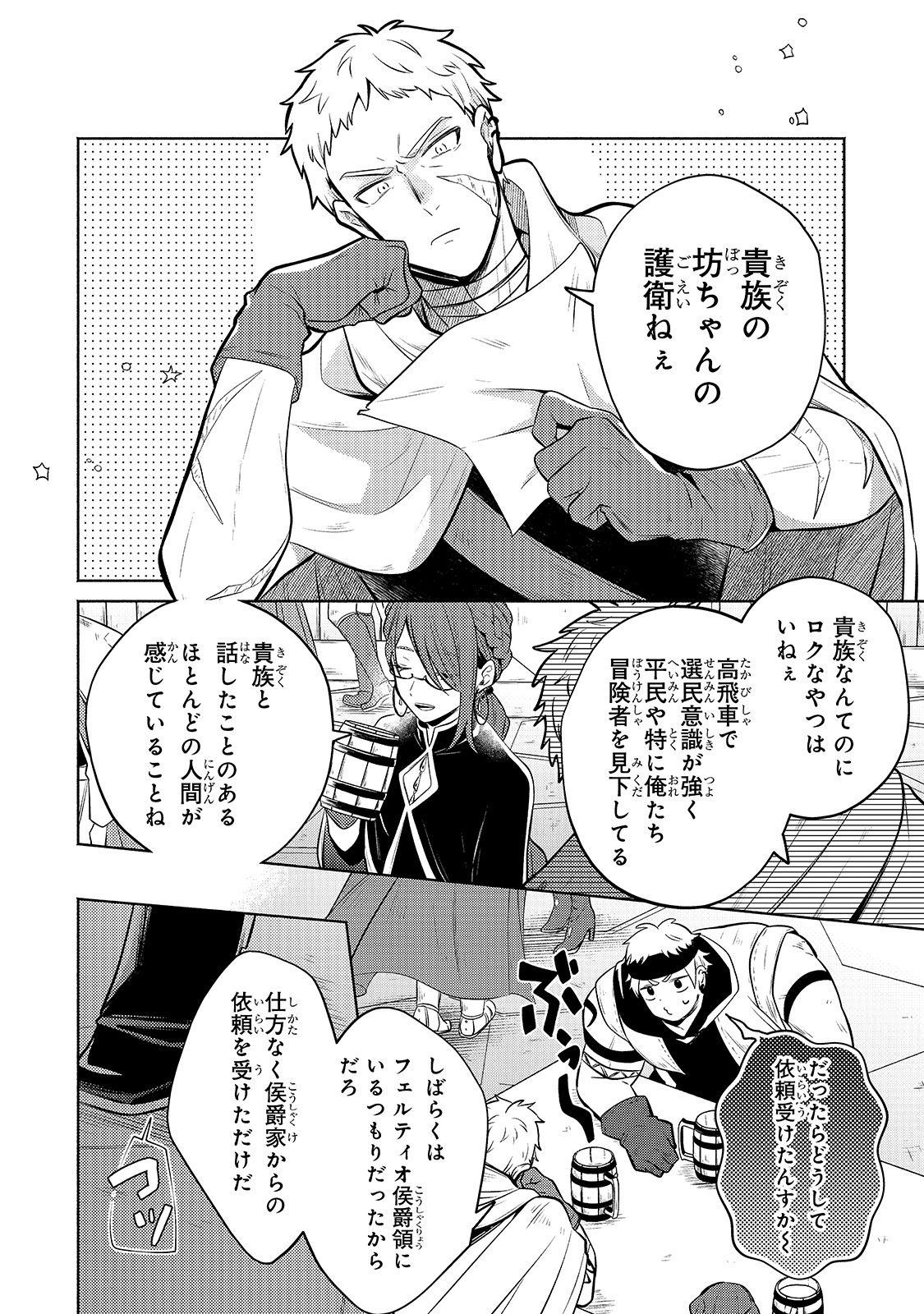 Okiraku Ryoushu no Tanoshii Ryouchi Bouei ~Seisan-kei Majutsu de Na mo na Kimura wo Saikyou no Jousai Toshi ni~ Chap 4 - Next Chap 5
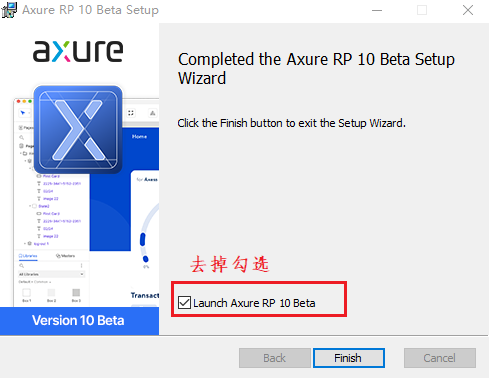 Axure RP 10 v10.0.0.3865官方版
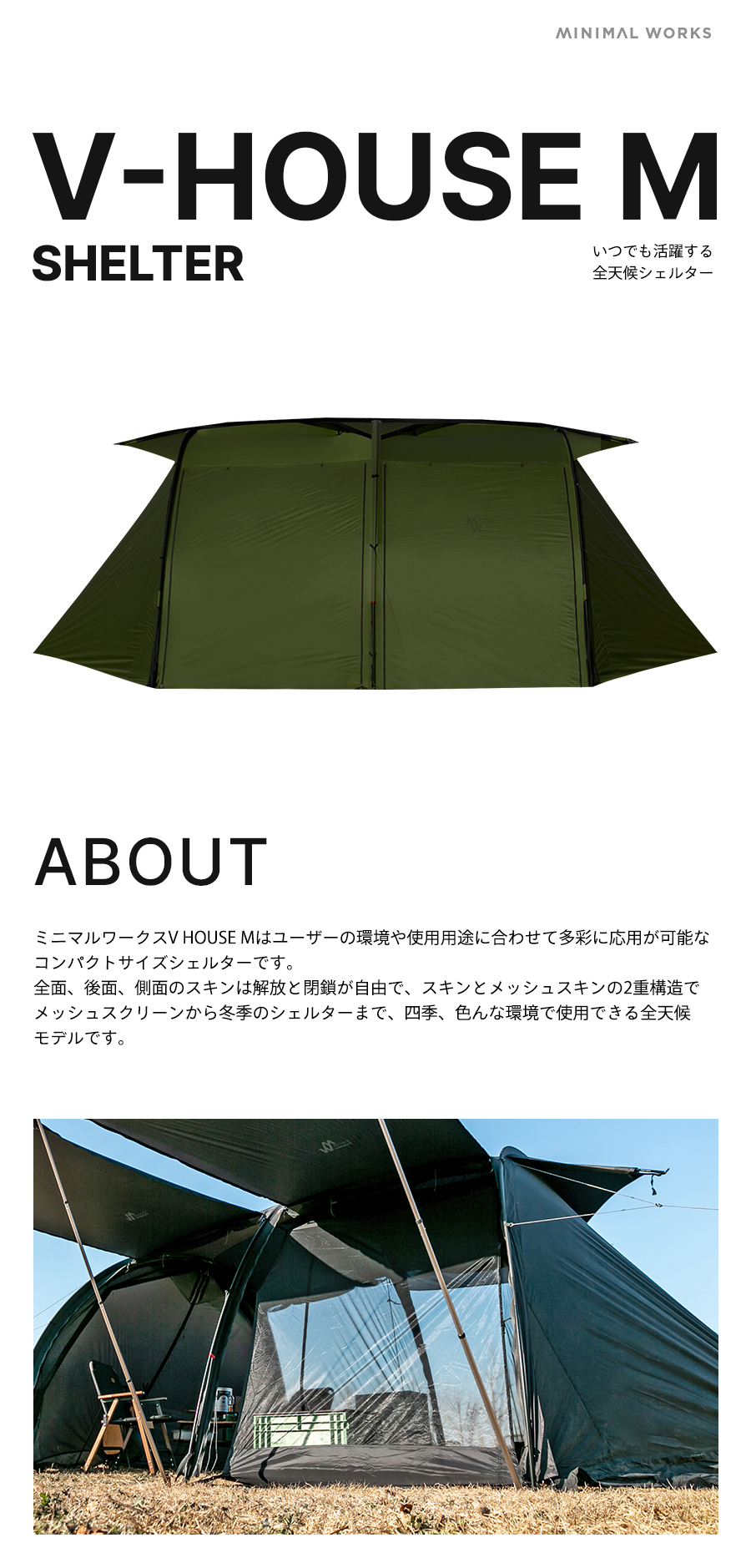 MINIMAL WORKS (ミニマルワークス)V HOUSE M OLIVE / シェルター
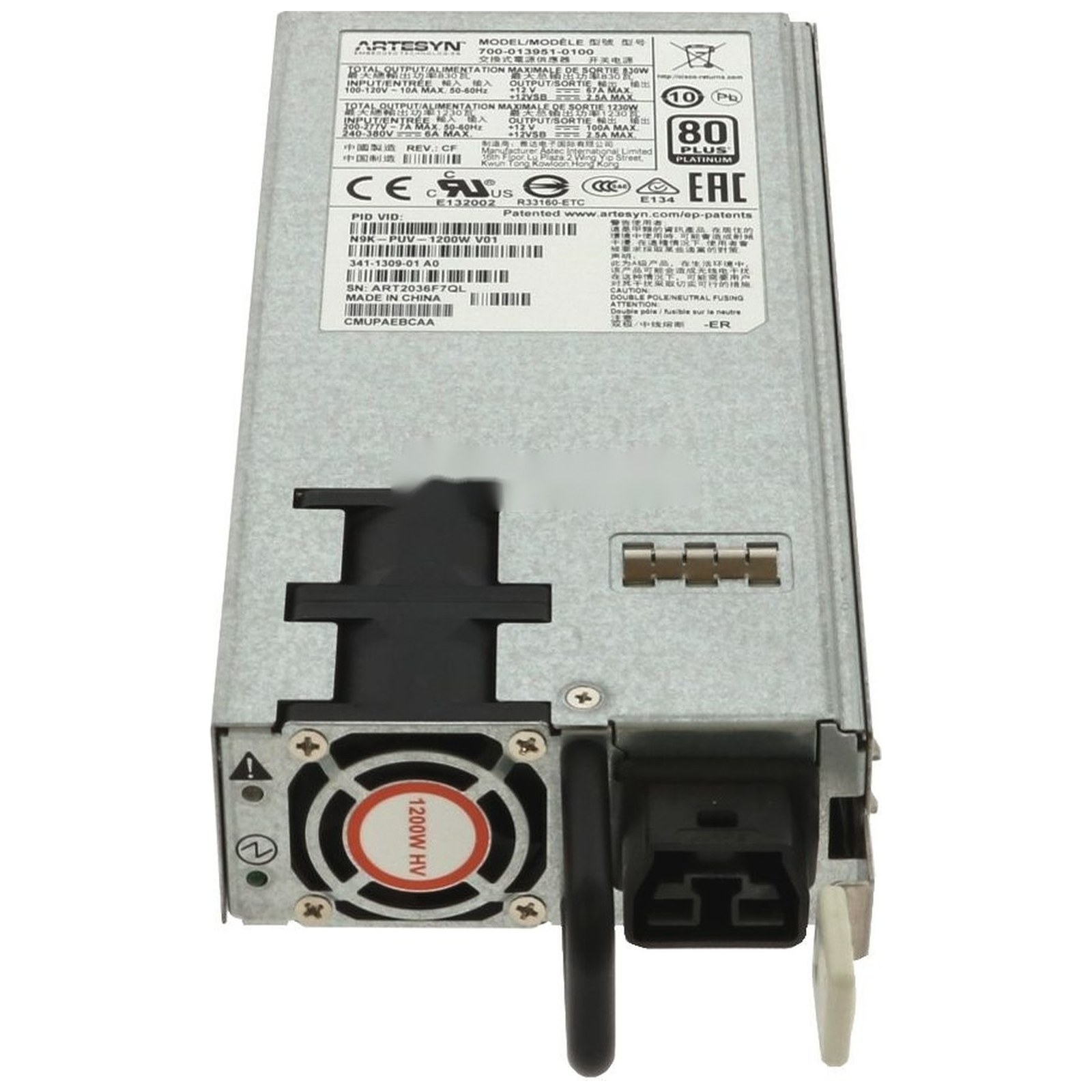 N9K-PUV-1200W-RF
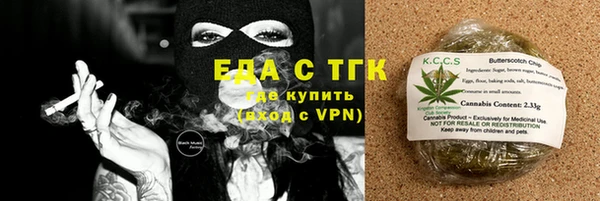 ALPHA-PVP Абаза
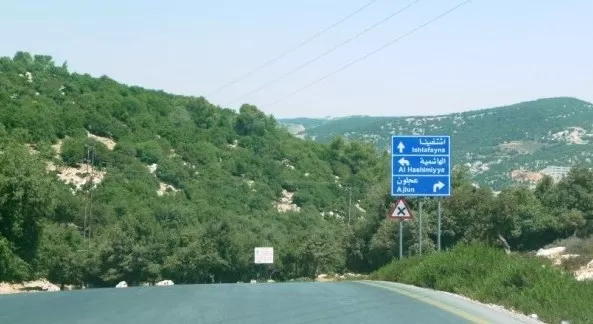 مدار الساعة,أخبار الأردن,اخبار الاردن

....

__Task requirements__
Starting with the top line, write out all the data above exactly; keep the pictures out.

__Response below__
 Okiraku Ryoushu no Tanoshii Ryouchi Bouei ~Seisan-kei Majutsu de Na mo na Kimura wo Saikyou no Jousai Toshi ni~ Chap 4 - Next Chap 5
 Axure RP 10 v10.0.0.3865官方版
 MINIMAL WORKS (ミニマルワークス)V HOUSE M OLIVE / シェルター
 N9K-PUV-1200W-RF
 ALPHA-PVP Абаза
 مدار الساعة,أخبار الأردن,اخبار الاردن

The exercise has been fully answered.